Le Centre d’analyse des opérations et des déclarations financières du Canada est encore largement méconnu. Tour d’horizon.

En 2013, le CANAFE, le Centre d’analyse des opérations et des déclarations financières du Canada, a surveillé deux millions de transactions par mois. Ce chiffre a fait sursauter des participants à l’université d’été sur la criminalité économique qui s’est tenue à Québec en mai dernier. Peu soupçonnaient l’ampleur et la portée de cette grande toile invisible qui a un rôle important à jouer dans les crimes à caractère financier.

«Deux millions de transactions par mois, ce n’est pas beaucoup», juge néanmoins l’un de ses gestionnaires de l’analyse du renseignement financier, Luc Beaudry. «L’Association canadienne des paiements traite au-delà de deux milliards de transactions par mois. Le CANAFE ne reçoit qu’une infime partie».

Le CANAFE a été créé en 2000. Si le Centre est peu connu par rapport à l’AMF, ses activités le sont encore moins. M. Beaudry est venu lever le voile sur ses opérations et démystifier certaines de ses activités lors du colloque consacré à la criminalité économique.

Conformité et renseignements financiers

Les missions du CANAFE se déploient en deux grands axes : un programme de conformité et un programme de renseignements financiers, dont le rôle est d’analyser et de communiquer sur demande les renseignements qu’il reçoit des entités déclarantes aux autorités policières et judiciaires. Le Centre dispose de deux unités d’analyse de blanchiment d’argent, une unité d’analyse du financement du terrorisme et une unité d’analyse stratégique.

Un grand nombre de crimes peuvent passer sous le radar du CANAFE : corruption, fraudes de Ponzi, fraudes 4-1-9, fraudes et évasion fiscales, valeurs mobilières, groupes criminels organisés, production et trafic de drogue, meurtre, kidnapping, contrebande, terrorisme, espionnage.

« Au Québec, dit M. Beaulieu, le Centre collabore de près avec l’AMF, la Sûreté du Québec, la police de Montréal et des procureurs de la Couronne. »

80 000 déclarations par an

Les entités qui sont assujetties au CANAFE sont tous les intermédiaires financiers qui exercent au Canada, banques, caisses populaires, courtiers, casinos, etc.

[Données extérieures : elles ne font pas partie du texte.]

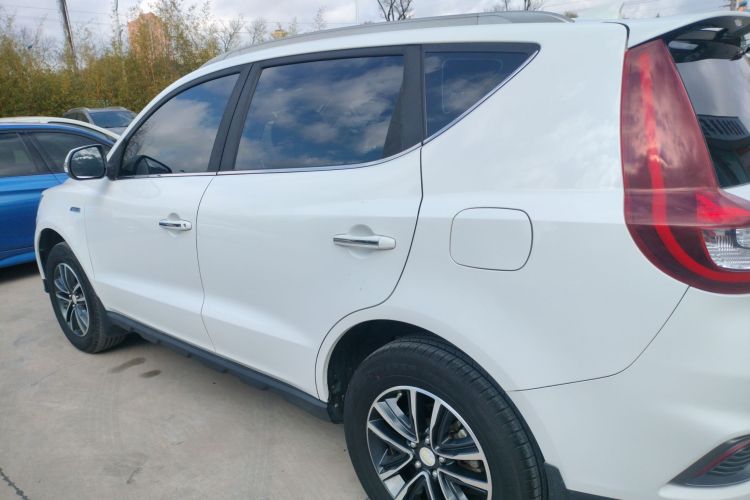 吉利汽车 远景X6 2018款 1.4T CVT 4G互联豪华型车身外观4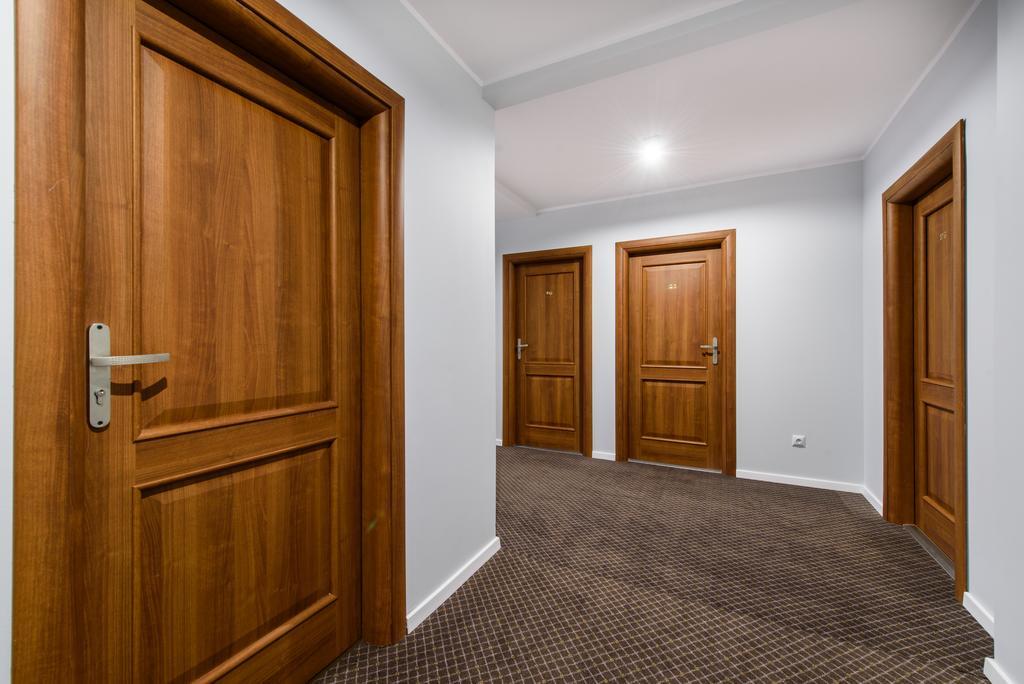 Hotel Nowy Dwor Trzebnica Eksteriør billede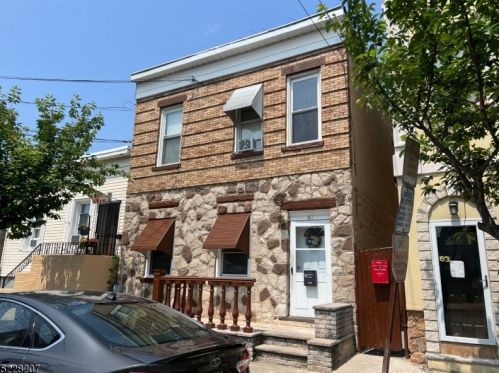 61 Heckel St, Belleville, NJ 07109-1030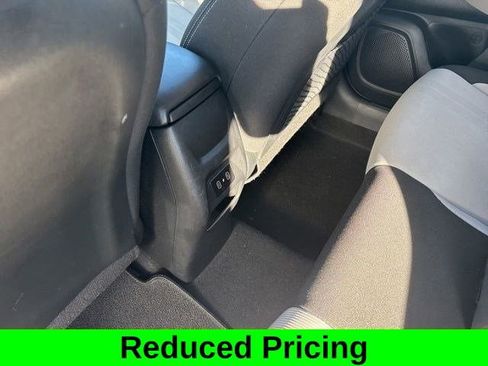 Used 2024 Hyundai Venue SEL image 32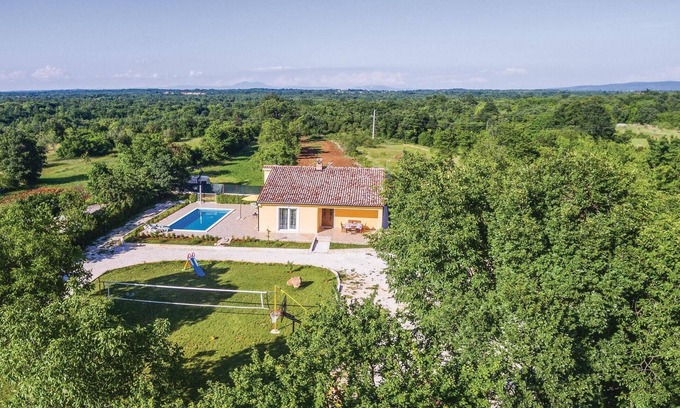 Butkovici House | Nice home in Butkovici with WiFi
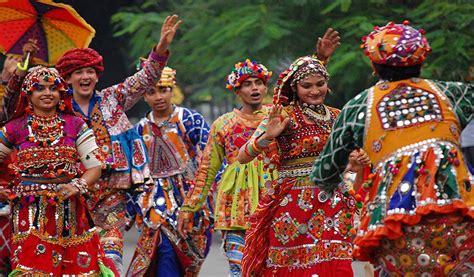 Garba Folk Dance, History, Steps, Origin, Dress, Information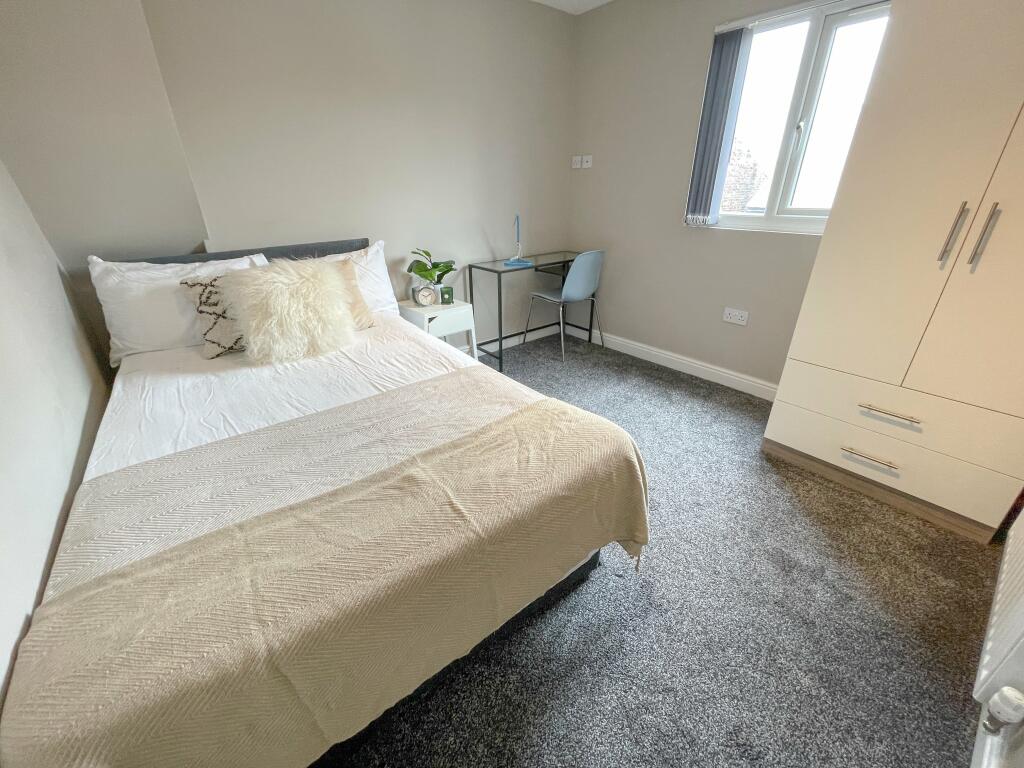 128 Cranborne(1)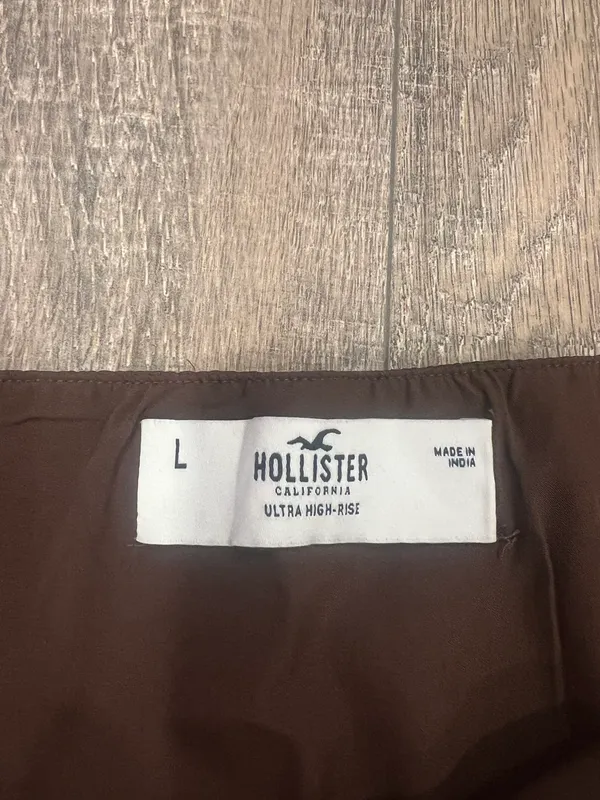 Hollister brown satin skirt - Image 4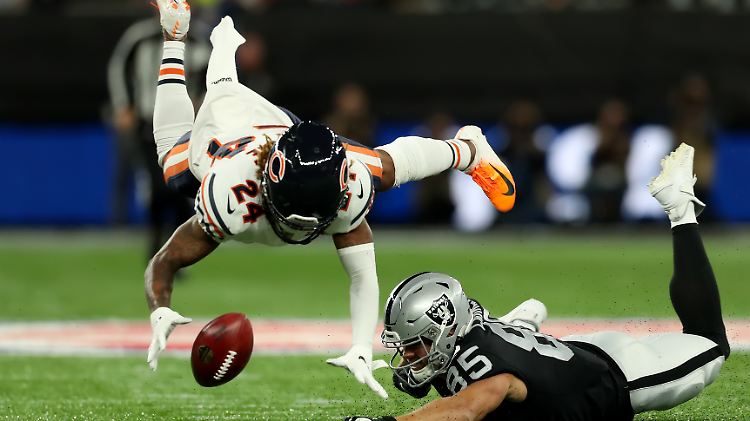 Chicagos Buster Skrine fliegt durch die Londoner Luft - in dieser Situation erfolgreich, am Ende aber vergeblich.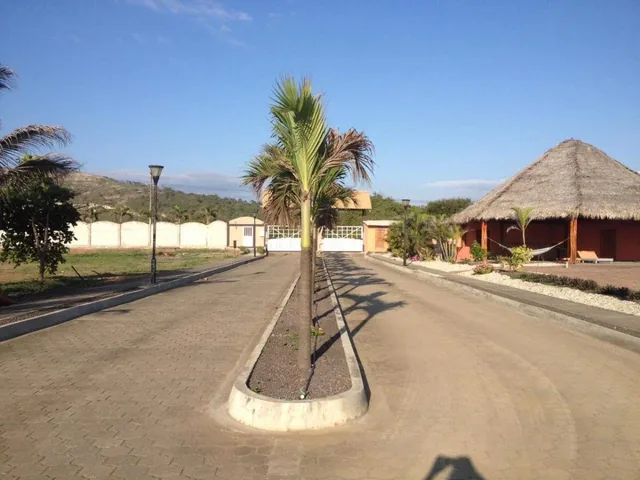 Lote de Terreno en Venta en La Urbanización Las Palmas, Puerto Cayo, Manabí — imagen 5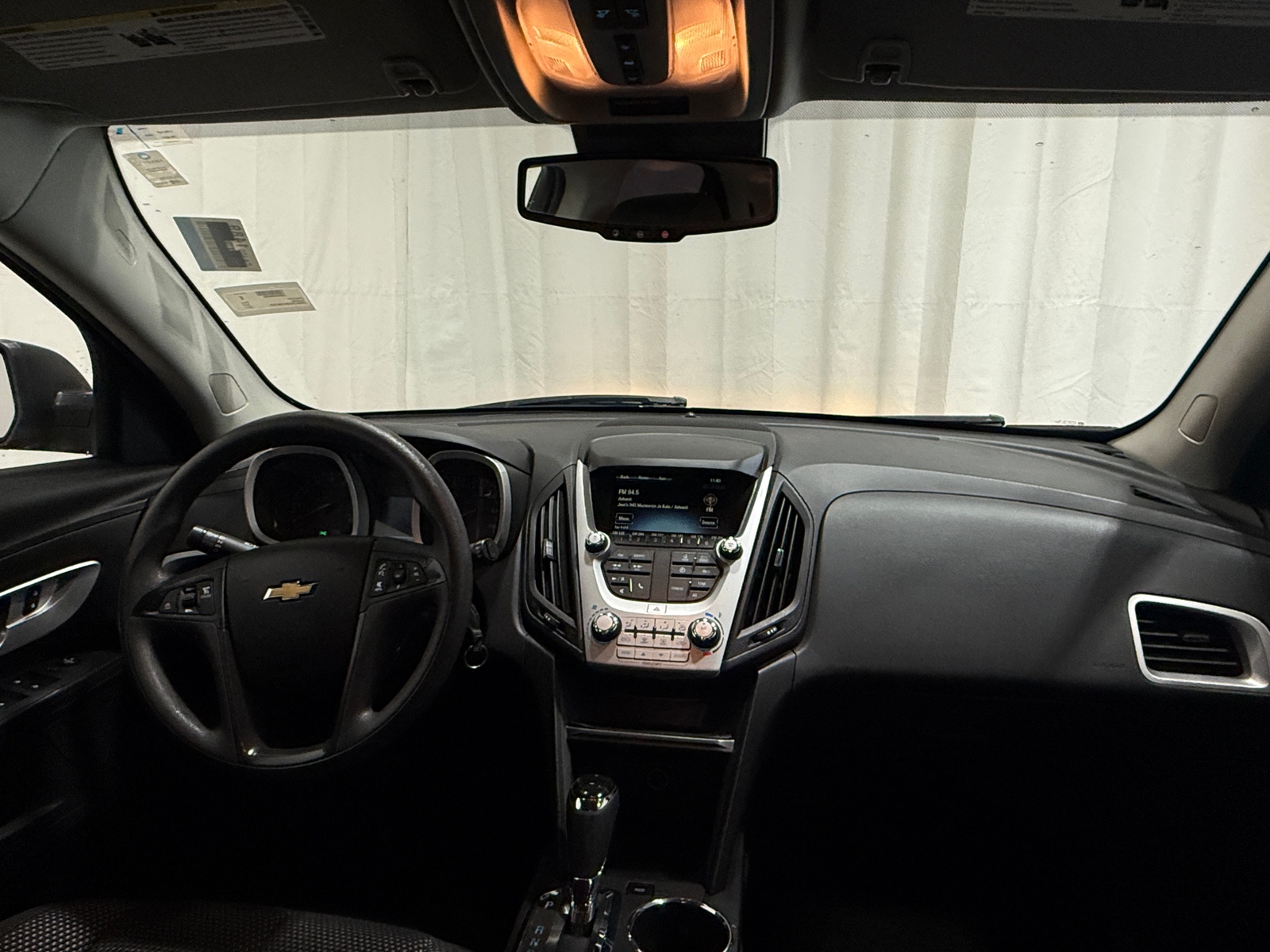 Thumbnail: 2017 Chevrolet Equinox - 3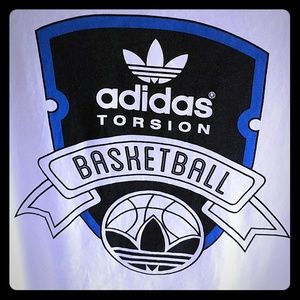 Adidas Athletic T-shirt Size Medium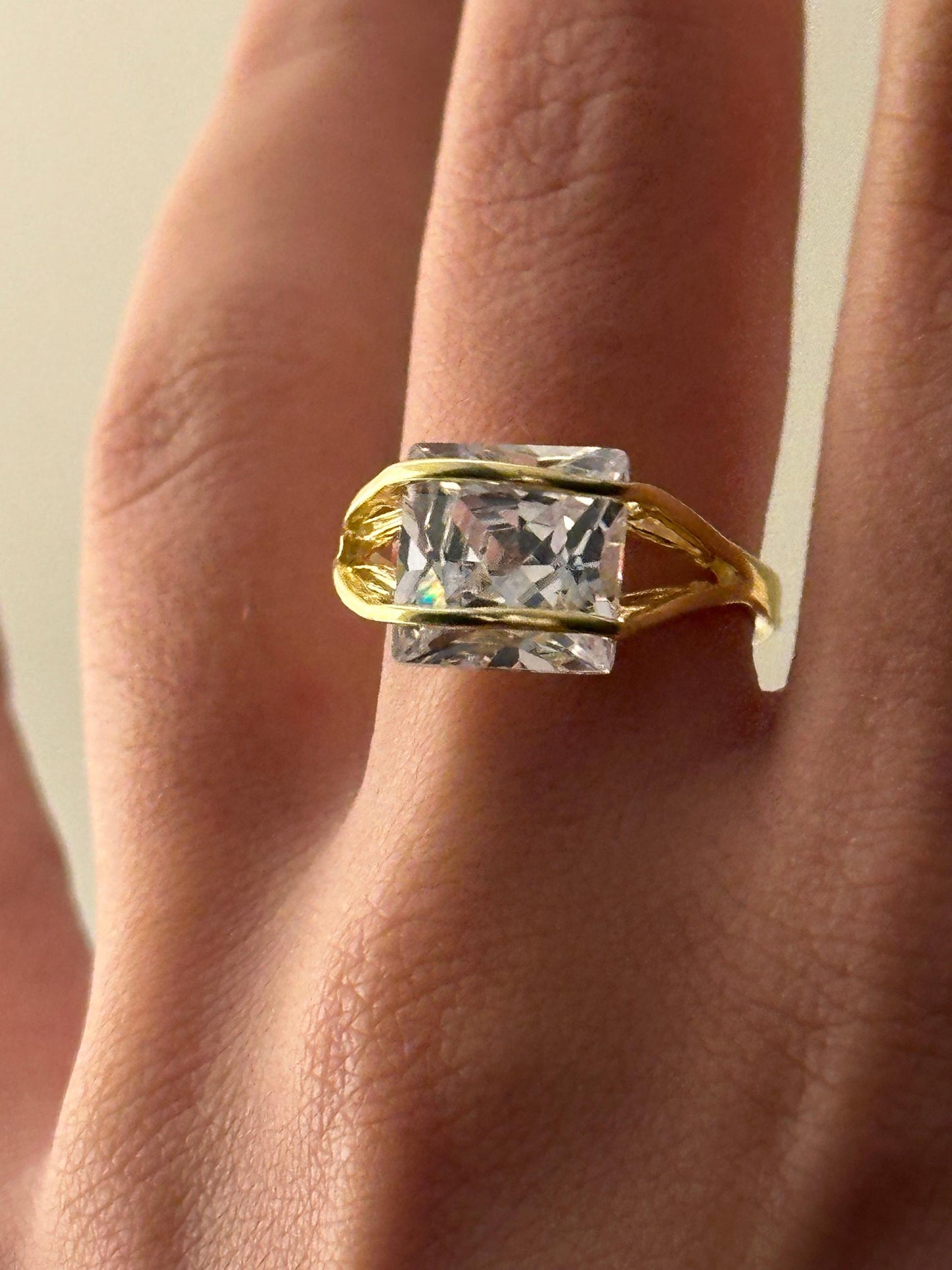 The 925 Golden Hug ring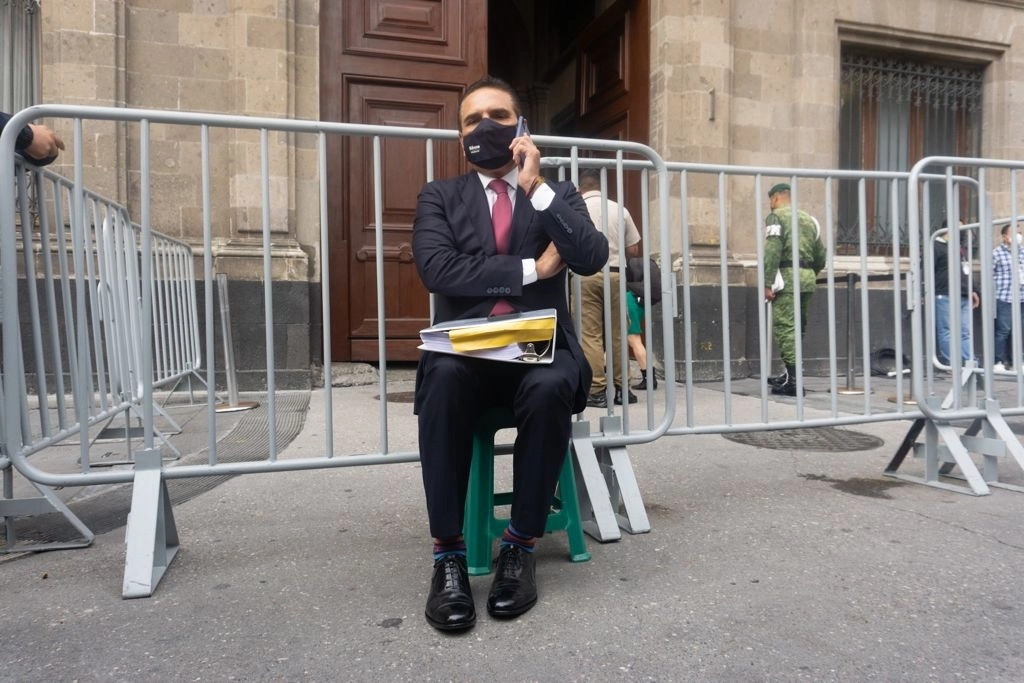 El gobernador de Michoacán, Silviano Aureoles se ha plantado en la puerta de Palacio Nacional, ubicada en la calle Moneda, en el Centro Histórico, el 29 de junio de 2021. Foto Pablo Ramos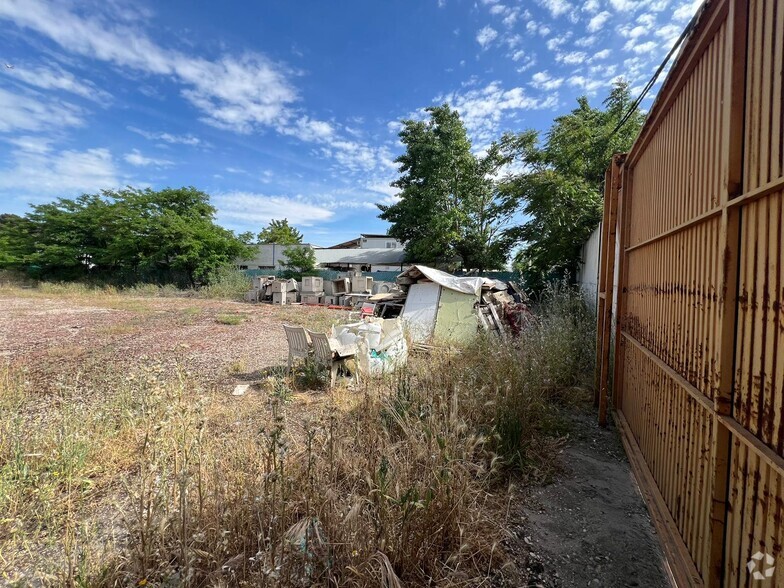 Carretera San Fernando de Henares, 4, Mejorada del Campo, Madrid à vendre - Photo du bâtiment - Image 3 de 3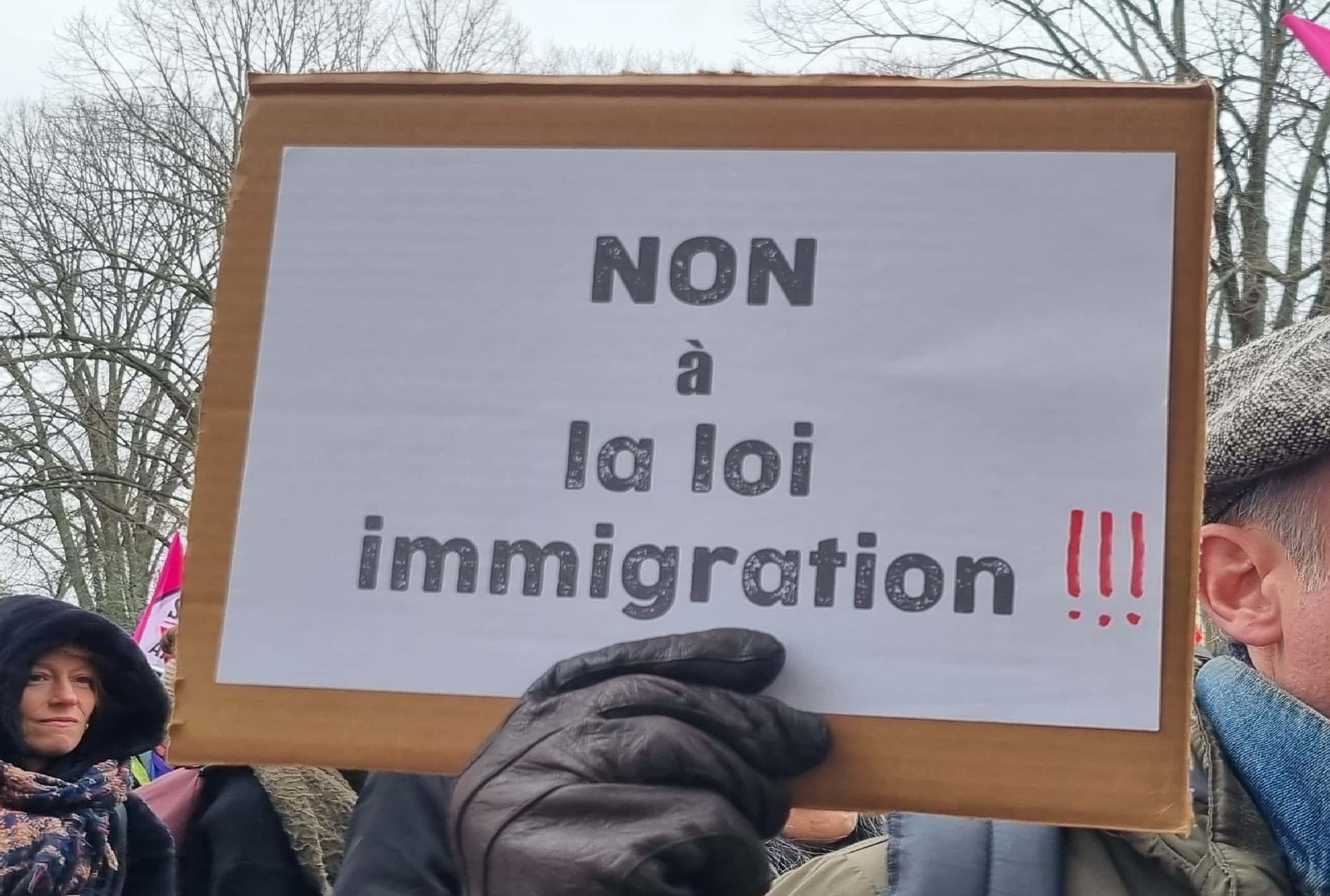 201 personnalités appellent à manifester contre la loi immigration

Le CANAFE analyse les déclarations d’opérations douteuses. Il en reçoit environ 80 000 par année, soit de 300 à 400 par jour. Elles sont toutes lues par les équipes d’analyses et par les systèmes informatiques.

Toutes les déclarations d’espèces de plus de 10 000 $, même si elles ne sont pas douteuses, doivent être signalées par voie électronique au CANAFE. Même chose pour les télévirements internationaux de plus de 10 000 $.

S’ajoutent les déboursés au casino de plus de 10 000 $, les déclarations à la frontière au service des douanes si vous apportez plus de 10 000 $, et les biens appartenant à un groupe terroriste.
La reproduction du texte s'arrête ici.